October 23rd, 2006

Opening Day
By Neil M. Travis, Montana

Those two words once brought joy to my heart. In households across the land, grown men daydreamed of days astream, and wives wished that trout season had never been invented. Today most trout fisheries are open to year around angling, and the ritual of opening day has been relegated to the memories of those of us who experienced it.

In Michigan, where I misspent most of my youth, it opened the third Saturday in the month of April. All the good trout streams were located in the northern part of the state, and in the north country at the end of April, winter was never very far away. This resulted in the faithful expressing much concern about the conditions that they might encounter when they struck out for their favorite trout stream.

As the fateful day approached all eyes were keenly focused on the long range weather forecast, and reports from the north country were eagerly sought out. The amount of snow was of great concern. If there was lots of snow, then a quick warming trend could make the streams unfishable, and turn the back roads into impassable mud holes. Too much snow could mean that the back roads and campgrounds would still be closed, making access difficult, if not impossible. If it had been unusually warm, the early hatches might be finished before the season opened. It was clear that opening day was fraught with uncertainty.

One thing was certain, that come hell or high water, the faithful addicts would be there. More often than not, that is exactly what we found, at least the high water part. Opening day was akin to young love, filled with promise, but permeated with uncertainty. The streams were usually too high and too cold for good fly fishing, unless your bent was towards nymph fishing. The hatches, when they were present, were customarily sparse and elicited little interest on the part of the trout.

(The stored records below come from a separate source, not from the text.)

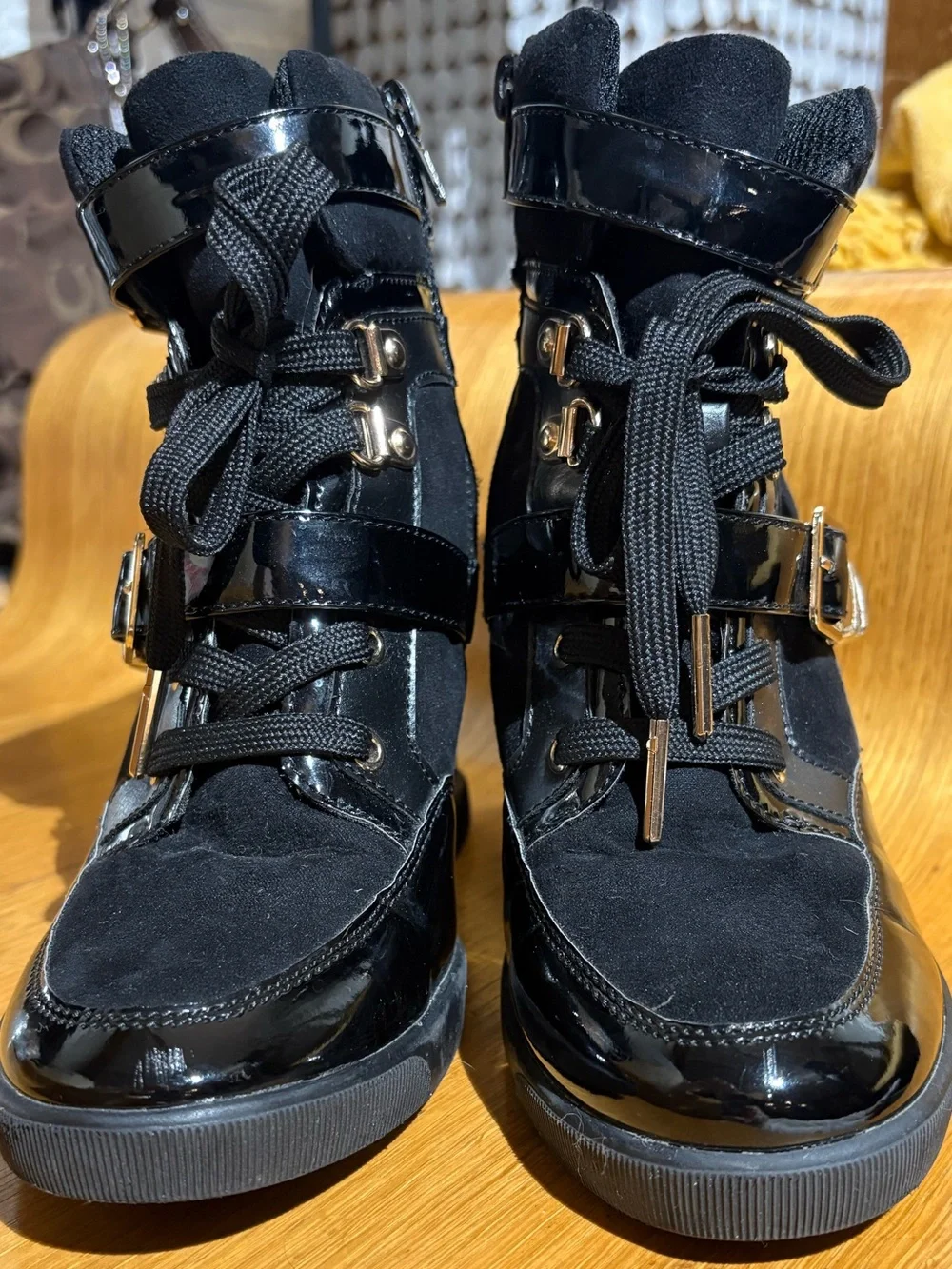 ShoeDazzle Black High-Top Wedge Sneakers Multi-Strap Gold Buckles Size 6
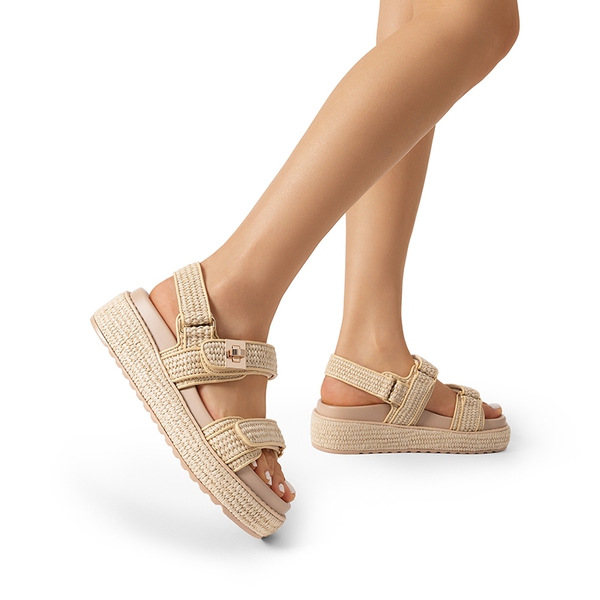 Comfort Arch Support Platform Casual Sandals - NATURAL - 7
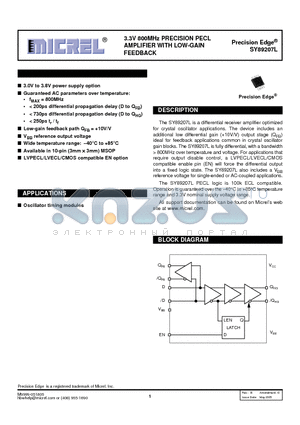 SY89207LMITR datasheet - 3.3V 800MHz PRECISION PECL AMPLIFIER WITH LOW-GAIN FEEDBACK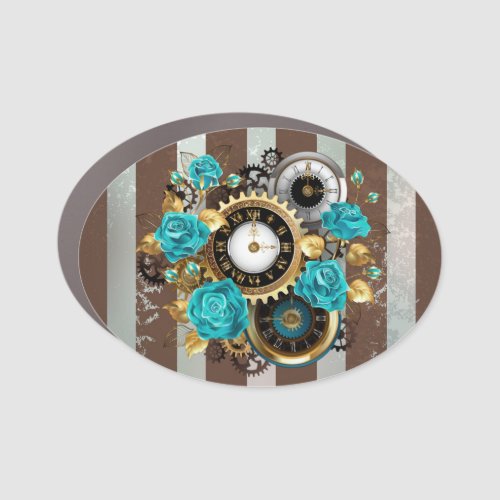 Steampunk Clock and Turquoise Roses on Striped Car Magnet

Sometimes the weather was delightful, but on more occasions than I care to remember it was abysmal.

In retrospect, opening day was never about fishing, although no one would ever admit it. The faithful knew that opening day was a ritual, a time of renewal and revival. Opening day reassured us that things were as they should be, that God was in His heaven, and that all was right with the world. We knew that fishing would be better in the coming weeks, but for now it was enough to feel the water flowing around one's waders, to smell the damp earth, and to renew that essential contract between one's self and his environment. Opening day was about renewing old friendships forged through the years along trout streams. It was a time to rejoice with those who returned, and to lament over those whose angling days were over. Opening day was a celebration of life as the Creator intended it to be lived, a new beginning, the start of yet another voyage upon the uncharted sea of life's experiences. Opening day assured us that there was a degree of normalcy in a world where change and the status quo were constantly in conflict. Like a comfortable old hat, opening day felt good, it fit and gave meaning to life.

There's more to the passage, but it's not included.